Тут женщины рассмеялись: такими забавными ужимками сопровождал Эмиль Блонде свои выпады.

– Эти слова докажут вам, дорогой граф Адам, – продолжал Блонде, глядя на поляка, – что в голове светской женщины настоящая каша из модных политических, религиозных и прочих идеек: вместе с тем она окружена блестящими, но непрочными изделиями современной промышленности, которая стремится, чтобы ее товары жили недолго и быстро заменялись новыми. Вы уйдете от этой женщины, говоря себе: «У нее, несомненно, возвышенный образ мыслей». Вы тем более будете в этом убеждены, что она своей нежной рукой сумела прощупать ваше сердце и ум, она выведала ваши тайны, ибо светская женщина делает вид, что ничего не знает, чтобы обо всем узнать, и есть тайны, о которых она всегда слышит якобы в первый раз, даже когда эти тайны ей прекрасно известны. Итак, вы уходите от нее очарованным, но обеспокоенным. От вас состояние ее сердца скрыто. В былое время знатные дамы дерзко афишировали свою страсть, теперь же страсть светской женщины размечена, как нотная бумага. У нее свои восьмушки, свои четверти, свои полуноты, свои четвертные паузы, свои фермато, свои диезы.
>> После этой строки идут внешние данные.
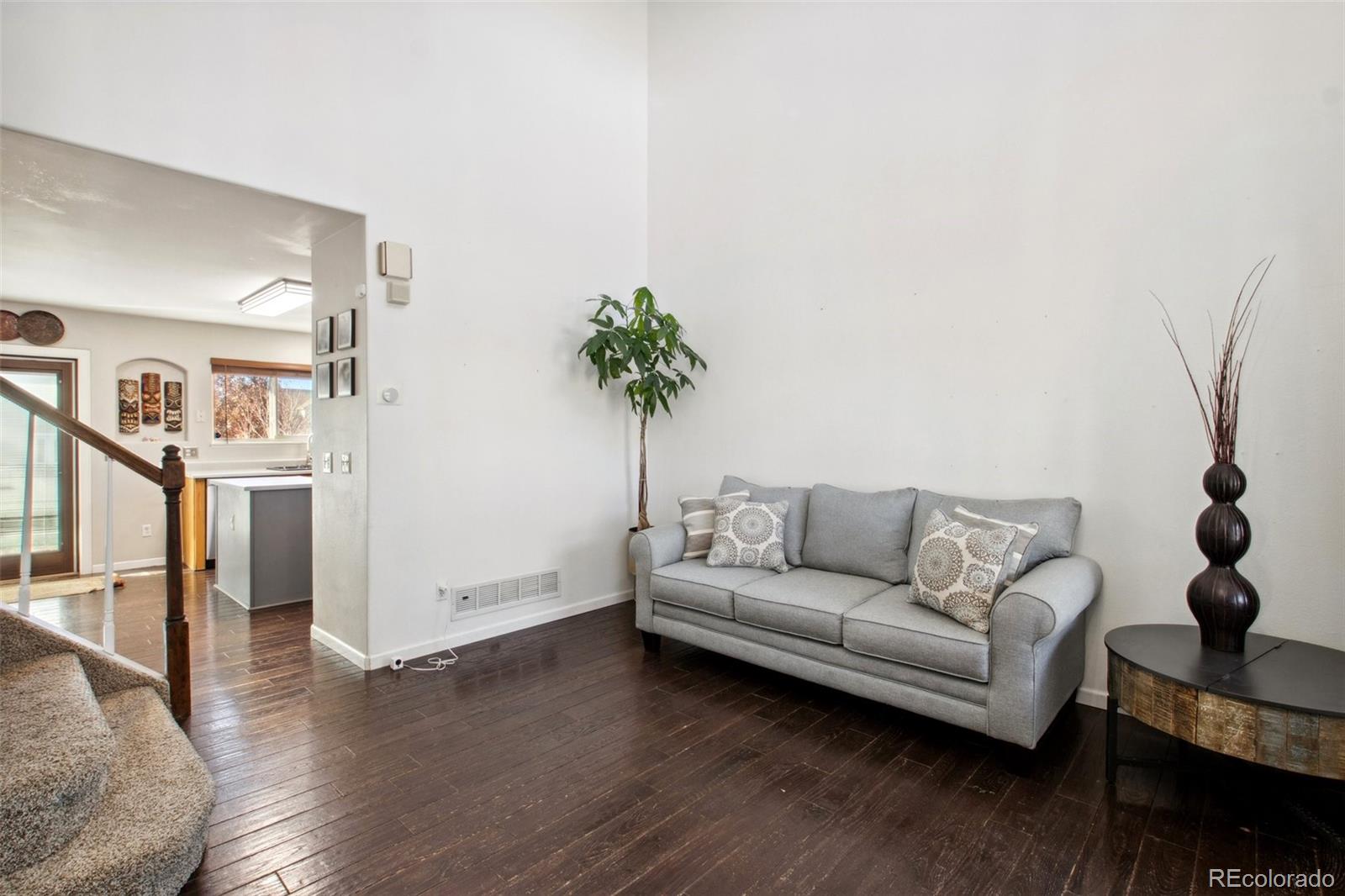 3648 Bareback Drive, Colorado Springs, CO 80922, 3 Bedrooms Bedrooms, ,4 BathroomsBathrooms,Residential,For Sale,Bareback,REC8404320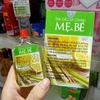 Tinh dầu sả chanh mẹ và bé 30ml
Как женщина слабая, она не хочет компрометировать ни своей любви, ни своего мужа, ни будущности своих детей. Ныне имя, положение, состояние не являются флагом, который внушает уважение и прикрывает любые контрабандные товары на борту. Аристократы не выступают теперь дружным отрядом, чтобы заслонить согрешившую знатную даму. Поэтому нынешняя светская женщина не отличается величественностью, как прежняя знатная дама; она ничего не может попирать своей пятой, ибо сама будет попрана. Поэтому-то она лицемерит, соблюдает приличия, старается сохранить свою страсть в тайне и благополучно провести ее по руслу, усеянному подводными камнями. Она опасается своих слуг, как англичанка, которой всюду мерещится судебный процесс за греховные разговоры. Эта женщина, такая непринужденная на балу, такая прелестная на прогулке, рабыня у себя дома; она независима только в очень замкнутом кругу да в мыслях. Она желает оставаться светской женщиной – вот ее задача. А в наши дни женщина, покинутая мужем, ограниченная скромной пенсией, лишенная выезда, роскоши, ложи в театре, лишенная прелестных принадлежностей туалета, уже больше ни женщина, ни распутница, ни хозяйка. Она исчезла, превратилась в вещь. В монастырь, служить супругу небесному, замужнюю женщину не примут: это было бы двоемужеством. Будет ли она всегда дорога своему любовнику? Это вопрос. Поэтому светская женщина всегда может подать повод к клевете, но никогда к злословию.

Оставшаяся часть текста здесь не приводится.